[slf4j-user] Best practice for logging XML and other byte oriented formats with slf4j?

Fri Nov 20 19:44:17 CET 2009

Maarten Bosteels skrev:
>
>
>     XMLEncoder will have a severe impact on performance, I've tested
>     this extensively.
>     Have a look at
>     http://sourceforge.net/apps/trac/lilith/wiki/SerializationPerformance
>     In my testcases, XMLEncoder serialized 300 events while a protobuf
>     serializer managed to handle nearly 10.000!
>     I'd therefore suggest that you take a mixed approach. Using
>     protobuf to serialize the events to a file and writing an
>     additional converter to convert that files to whatever you'd like
>     as XML-Output as needed
>

I think I didn't catch on to that discussion when you had it. Probably 
because I didn't understand it enough from a brief skim :)
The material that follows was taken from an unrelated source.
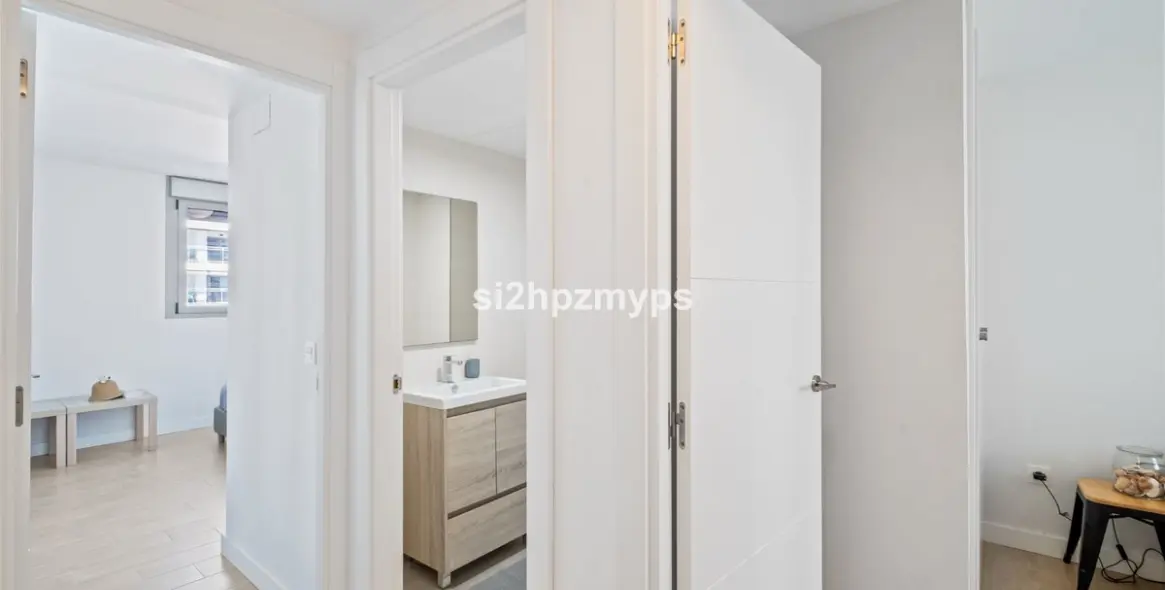 Sale of middle floor apartment in Torrox 15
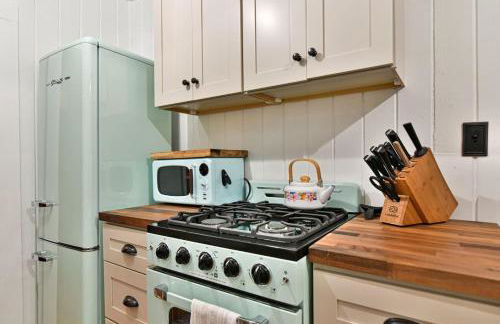 Shiners Hideaway - Cozy Cabin with Trails & Family Memories - Foto 13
>     A discussion about such a topic was started here:
>     http://marc.info/?l=logback-dev&m=124905434331308&w=2
>     <http://marc.info/?l=logback-dev&m=124905434331308&w=2> but I
>     completely forgot to file an RFE for it.
>     I've done just that now, thanks for the reminder!
>     http://jira.qos.ch/browse/LBCORE-128
>
>
> I agree with Joern that XMLEncoder is not really suited when 
> throughput is important to you.
For our purpose these "log this complex object" happen rarely enough 
that we are willing to accept a penalty here, to get a humanly readable 
rendering.

>
>
>     > My current thoughts is to use a ByteArrayOutputStream and
>     generate a String using the UTF-8 decoding. The resulting string
>     contains a <?xml ... encoding="UTF-8"?> which is stripped
>     resulting in an XML String containing Unicode chars (instead of
>     encoded bytes).
>
>
> What is the difference between "Unicode chars" and "encoded bytes" ?
I am talking about internal representation as char's and the encoded 
version which is a stream of bytes (which usually is put raw in a file).
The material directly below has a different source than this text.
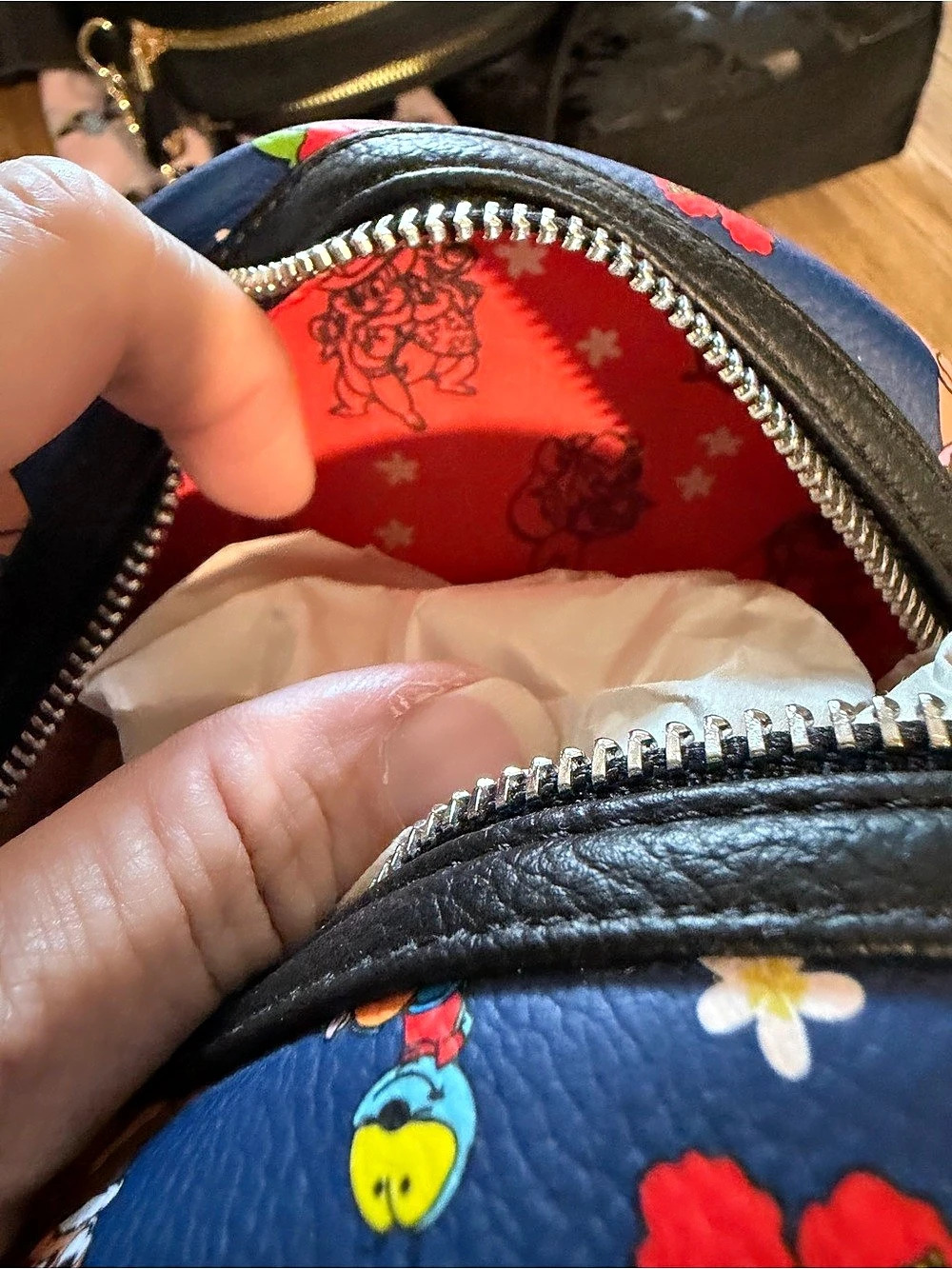 Loungefly Disney Chip 'n Dale Rescue Rangers All Over Print Mini Backpack Mini - Picture 3 of 3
> Every unicode codepoint has to be encoded somehow, no ? UTF-8 is one 
> way to encode the codepoint (and imho the encoding everyone should use)
>
>     This can then be flattened to an ASCII version, by converting all
>     characters outside 32..127 to their numeric entity (&#1234;), and
>     THAT can be safely logged. I guess :)
>     >
>
>
> If you want to use XML, then I really don't see the problem with 
> leaving it in UTF-8 ?
There is absolutely no guarantee that the final destination of the log 
string will be able to handle UTF-8 encoded strings. How does UTF-8 
encoded strings end up looking when written using MacRoman under OS X?
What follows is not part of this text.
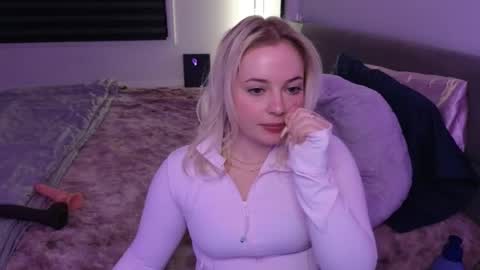 margot_robbie7 online show from 6, 1, 2026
> Especially since you state that "a humanly readable transport format 
> will be preferred." I would prefer to see Σ instead of &#931;
>
> Of course, it should be possible to tell the XMLEncoder which encoding 
> to use (instead of using the default encoding of the platform).
>
XMLEncoder does not have the encoding public. Bah :)

-- 
  Thorbjørn Ravn Andersen  "...plus... Tubular Bells!"